Ezekiel 32:22 sq. “What is received into the human heart, finds its grave also there; so round about the prince of death are his grave-places, wherein after a spiritual manner he is buried” (Gregory).—The grave for the unconverted, the condemned, the perspective of the future world.—“The grave is very deep, even though in a material point of view it may be but a few feet down: it is deep enough to shroud all glory” (H.).—“Powerfully seizes the mind and humbles the pride the ever-recurring There, when the subject of discourse has respect to a fallen king and his hosts. … We look upon a limitless field of graves, and it is remarkable and peculiar to our prophet, that he transfers the graves also to the lower world” (Umbr. ).—“As the elect come from the east and the west, and sit down with Abraham, Isaac, and Jacob in the kingdom of God, so the cast off find their way to the uncircumcised, to the pierced by the sword, in the depths below” (H. H)—Here many graves, in the house of the Father many mansions.—The counterpart of the fellowship of believers upon earth, of the elect in heaven.—The lowest Sheol and the heavenly Jerusalem.—The earth is everywhere indeed the Lord’s, but not all the dead die in the Lord.

Ezekiel 32:27. Men take with them into the state of the dead their knowledge, and along therewith the judicial sentence due to their manner of life.—Nothing is forgotten before God which is not forgiven.—The wrath of God remains on them, it is said in John.
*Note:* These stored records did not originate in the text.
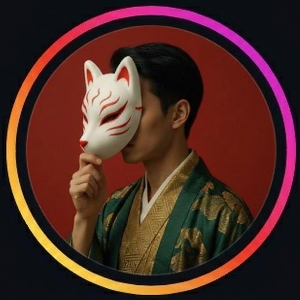 おきつね｜副業で月40万稼ぐ社畜ギツネ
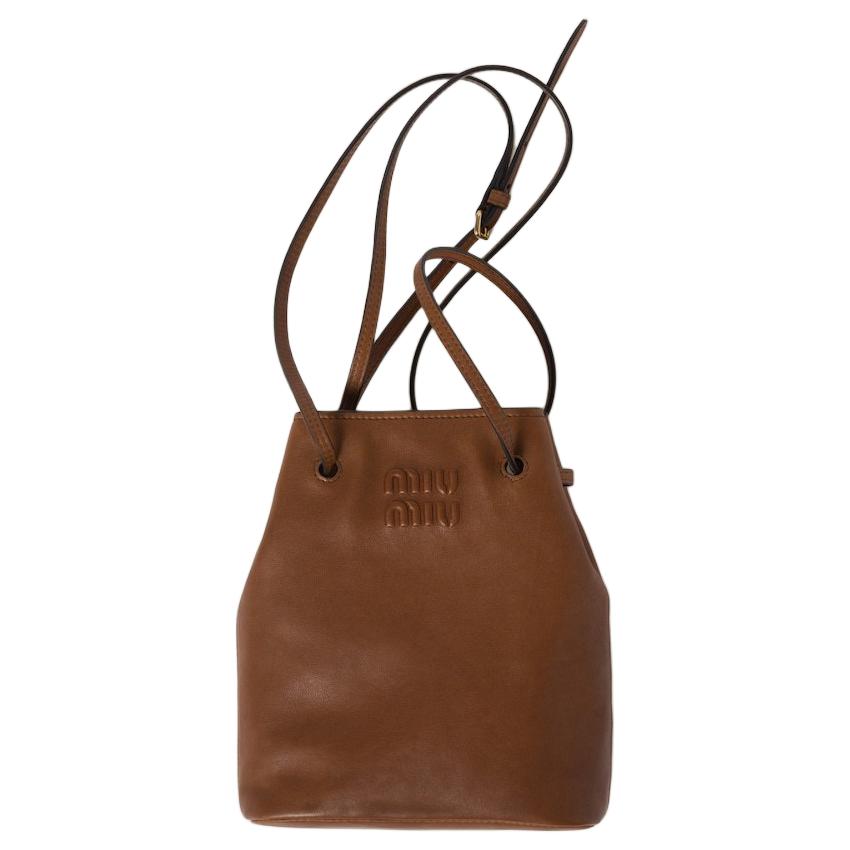 

Наппа из овчины наплечная сумка, мини кроссбоди женская Oak MIU MIU, shopping bag set(basic set+shopping bag)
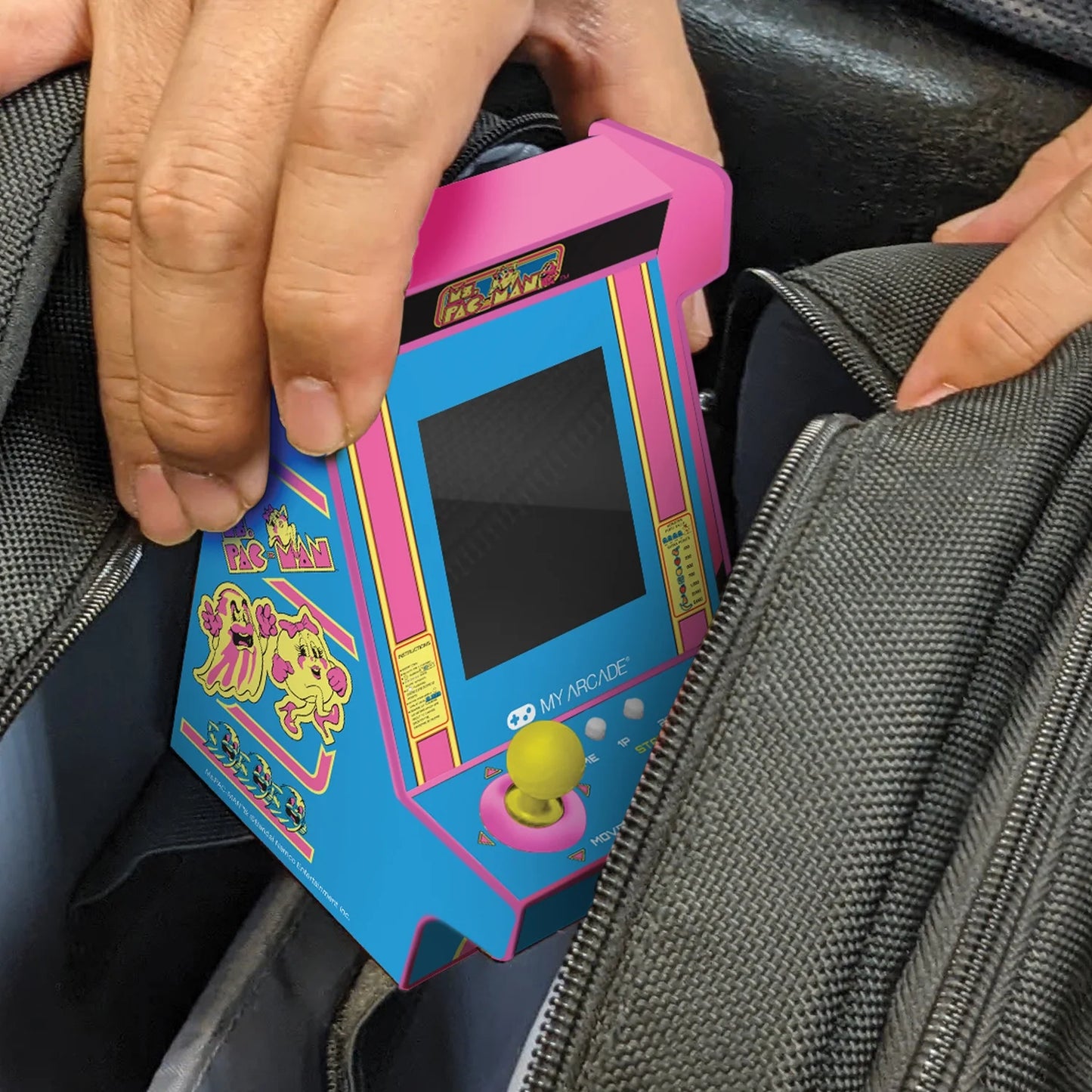 Nano Player Pro (Ms. Pac-Man), DGUNL-7023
Ezekiel 32:31. “It is a wretched consolation which is derived from the circumstance that people see in others the same torments which themselves experience. And yet misguided mortals do really comfort themselves with it. It is a common necessity, they say; others have experienced the same, and are experiencing it daily,” etc. (H. H.)—The word of God, however, brings home to every man at last the application: this is such and such an one; as we find written on the tombstones: Here lies N. N.—“The Pharaohs prepare to swallow up without mercy: Jacob’s Shepherd laughs at them,” etc. (Hiller.)